The diagnosis was Non-Hodgkin follicular lymphoma, a slow-growing type of the disease that often presents no obvious symptoms, such as enlarged lymph nodes or fatigue.

Following four rounds of chemotherapy and other treatment, Jones, a Crawfordsville native who now lives in Westfield with his family, has been cancer-free since October. But doctors told him the chronic disease would eventually come back.

“Of course, my prayers are that it won’t,” Jones said by phone from his office at a downtown Indianapolis bank, where he’s a senior commercial lender. “But all that being said is, right now I’m, you know, effectively normal.”
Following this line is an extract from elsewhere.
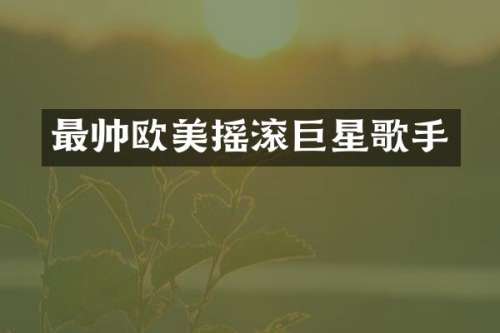 最帅欧美摇滚巨星歌手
Jones is now raising money for research through the Leukemia & Lymphoma Society’s Man and Woman of the Year campaign. His friend, Scotty Banks, is competing for the men’s title in a 10-week competition kicking off Thursday. The winners will be crowned at a gala in May at JW Marriott Indianapolis.

Donations can be made at https://pages.lls.org/mwoy/in/indy20/djones. The link will go live on Thursday.

The society funded Jones’s immunotherapy treatments, and has helped advance all but seven of the blood cancer treatment options approved by the Food and Drug Administration since 2017, according to the group’s annual report. Jones’s medication, Rituxan, has been used to treat other types of cancer and a form of rheumatoid arthritis.

“That medication alone will add decades to Derek’s life,” said Jones’s wife Kari, a New Market native.

Jones had considered entering himself into the competition before deciding to join Banks’s fundraising team. Banks is a regional trainer and coach at Orangetheory Fitness, where the Jones’s are active members.

“I went into Orangetheory the weekend I was diagnosed and he was one of the first people I told,” Jones said, “and I thanked him because I had worked out really hard for the few years leading up to this diagnosis, and the mental toughness that I gained in those workouts and really pushing yourself [helped me] and I was in the best physical health of my life”

Jones was able to continue working and coach his now 8-year-old son, Isaac’s, baseball team during treatments. The Jones’s have two other children, Olivia, 10, and Ava, 7.

“My wife and I are both faith people, so we believe that we had a lot of prayers around us right away, and it just kind of helped keep things in perspective,” Jones said.